In such a case, it is critical to precisely define the security of computations. Sometimes secure programs executing some algorithm publish more values than one would usually consider as the output of such algorithm. In this case, it is important to analyse that the protocol does not reveal more information about the private inputs by publishing these values. This thesis focuses on simplifying such proofs for two separate cases. 

First is the case where the protocol outputs do not reveal information about the inputs. If this happens, the commonly used security definitions are stronger than necessary. Instead, the thesis defines an input privacy property sufficient for such protocols. However, in many cases, input-private protocols can be extended to secure protocols. 

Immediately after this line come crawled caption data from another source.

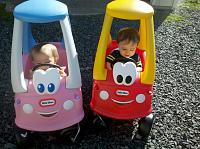 baby-golf-carts-jpg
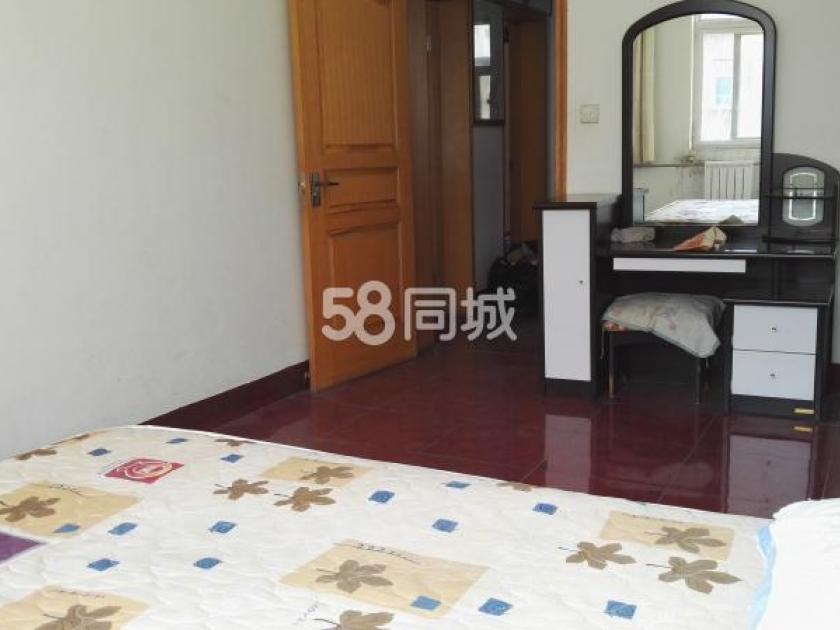 闵子骞路70号院）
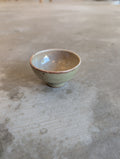 Celadon Teacup x Jonathan Steele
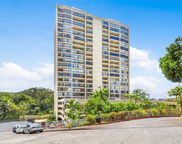 55 S Judd Street Unit 705, Honolulu image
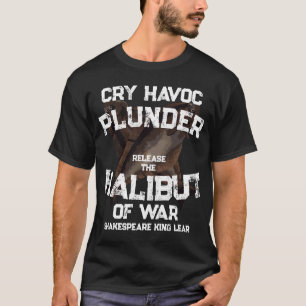 Ownyour Party Product  Image Custom 2026 1 2 3 4 5 T-Shirt
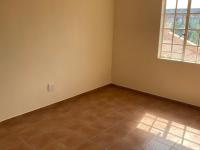  of property in Rustenburg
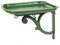 UBT - Urban Bird Table
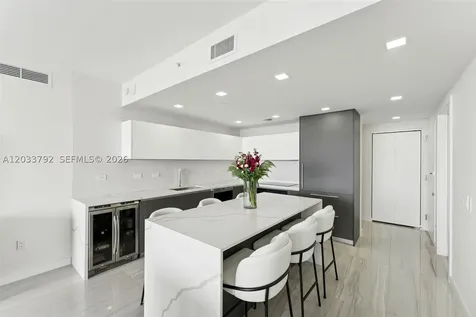 3131 NE 7th Avenue Miami FL 33137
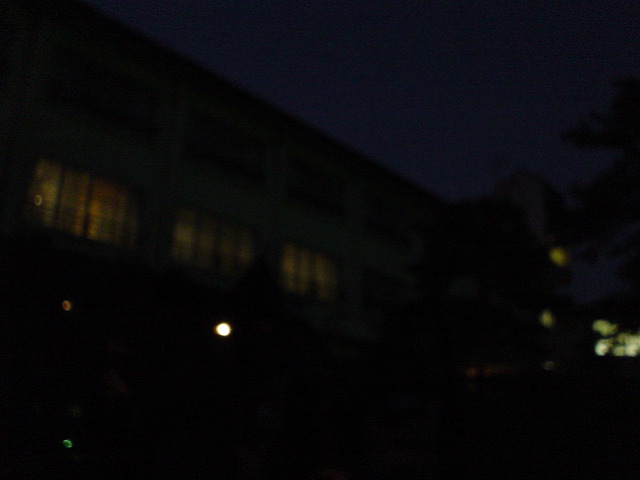 dsc00566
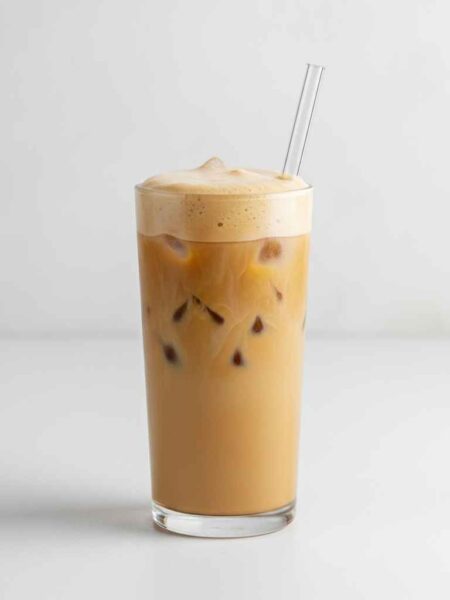 Café Gelado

The second is the case where new complex algorithms are implemented using existing smaller secure computation functionalities as building blocks. For example, basic arithmetic operations are already defined and then used to implement some statistic tests. In existing formal frameworks, to prove the security of such algorithms, the prover has to work with many different details. This thesis derives an abstract execution model for secure multiparty computation protocols that can be used instead. In the abstract model, the prover can focus on the public values and the basic flow of the protocol execution. Under some natural restrictions about the secure computation framework and the protocol, the proof in the abstract model implies that security holds also in the standard model.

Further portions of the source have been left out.